Habiba Cooper Diallo (18)
Hometown: Halifax, N.S.
Executive summary: Bilingual high school student (English and French); volunteer; founder and executive director of Womens’ Health Organization International (non-governmental organization dedicated to empowering women in Africa and the African Diaspora via improved health care and the dissemination of health education); one of Canada’s Top 20 Under 20 youth leaders.
When I was 12, I read the story of Anafghat Ayouba – the young woman who inspired me to start obstetric fistula awareness and to subsequently establish WHOI. That’s when I realized that obstetrics is my passion.
One of my biggest challenges starting WHOI was the process of obtaining legal status. I drafted a set of by-laws that all had to be approved by the registry. I then began to design a logo. Next, I wrote out the acronym for the organization so it could be part of the logo. Finally, I collaborated with a friend of mine from Toronto who’s a designer and visual artist. I sent him the sketch and he drew the final image of the woman and the baby currently on the logo. Emotionally, I was coming to terms with my Dad’s death. He was one of my best friends and a number one fan of everything I did. His death made me look deep within myself and draw upon my inner confidence, which gave me the strength to continue my efforts.

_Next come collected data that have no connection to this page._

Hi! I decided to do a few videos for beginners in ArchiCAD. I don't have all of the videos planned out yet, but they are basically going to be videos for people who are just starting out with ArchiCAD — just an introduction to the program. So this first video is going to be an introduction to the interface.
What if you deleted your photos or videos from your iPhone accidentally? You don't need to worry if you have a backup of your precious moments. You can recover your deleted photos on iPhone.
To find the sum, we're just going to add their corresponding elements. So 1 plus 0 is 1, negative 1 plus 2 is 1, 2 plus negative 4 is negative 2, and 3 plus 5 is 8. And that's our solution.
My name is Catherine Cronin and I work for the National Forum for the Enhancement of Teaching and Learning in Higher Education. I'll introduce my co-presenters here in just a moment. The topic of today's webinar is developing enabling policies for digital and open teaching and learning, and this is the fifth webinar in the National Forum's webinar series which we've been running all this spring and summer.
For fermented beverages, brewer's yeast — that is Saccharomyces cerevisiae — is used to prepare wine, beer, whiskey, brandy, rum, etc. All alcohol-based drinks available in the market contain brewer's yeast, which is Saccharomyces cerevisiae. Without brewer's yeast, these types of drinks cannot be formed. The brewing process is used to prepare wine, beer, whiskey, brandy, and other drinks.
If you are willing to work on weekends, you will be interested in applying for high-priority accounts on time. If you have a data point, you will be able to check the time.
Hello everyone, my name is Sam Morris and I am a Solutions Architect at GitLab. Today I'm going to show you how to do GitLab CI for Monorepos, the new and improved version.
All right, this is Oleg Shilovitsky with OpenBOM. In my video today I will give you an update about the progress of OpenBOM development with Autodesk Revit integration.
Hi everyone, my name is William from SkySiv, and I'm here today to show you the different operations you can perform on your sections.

My mother is my biggest inspiration. She is a very experienced and educated woman, holding a PhD in Black Canadian Studies and African History. In addition to her, all the other women in my community – my big sister, my aunties, my young female cousins – also inspire me. These women have been through the fire, and have managed to come out on top.

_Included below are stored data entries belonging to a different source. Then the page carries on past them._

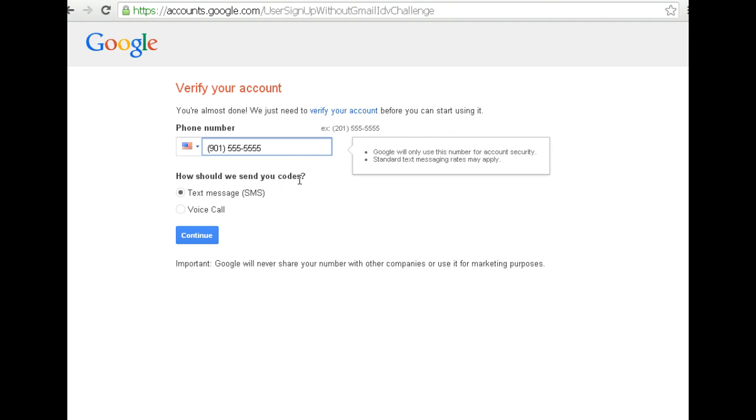Here's why the phone number is so important. Google is going to send either a text message or call that number and it's going to give you a verification code. That's the only way to finish the process.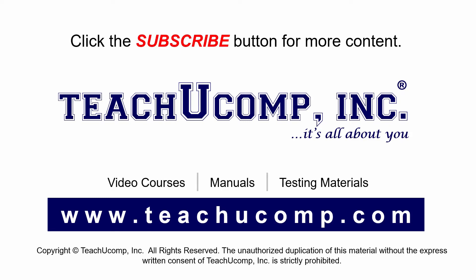If you like our video, click the subscribe button to subscribe to our channel and get easy access to new content. To see our full suite of ad-free video courses and training materials, visit us at teachucomp.com.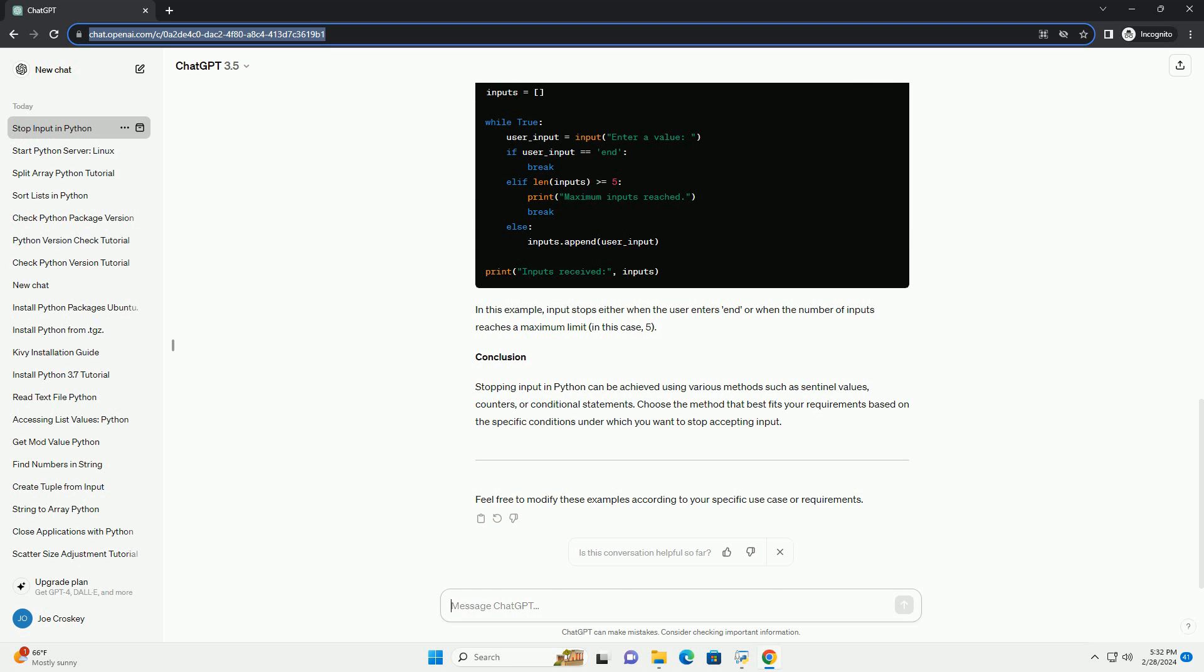Method 2: Using a Counter. Another approach is to limit the number of inputs by using a counter variable. Once the counter reaches a certain limit, input stops. In this example, the loop iterates a fixed number of times, max_inputs, and collects user input on each iteration. After collecting the specified number of inputs, the loop ends.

In 10 years’ time, I see myself just about finished my medical education including gynaecology and obstetrics, and married with two kids. By then, I plan for WHOI to be more established with a greater financial capacity for programming and awareness building.
Am I a typical teenager? I honestly don’t know. I guess that’s left up to interpretation, but I do know that I’m not like everyone else, and everyone else is not like me. We all have a particular spot on the spectrum.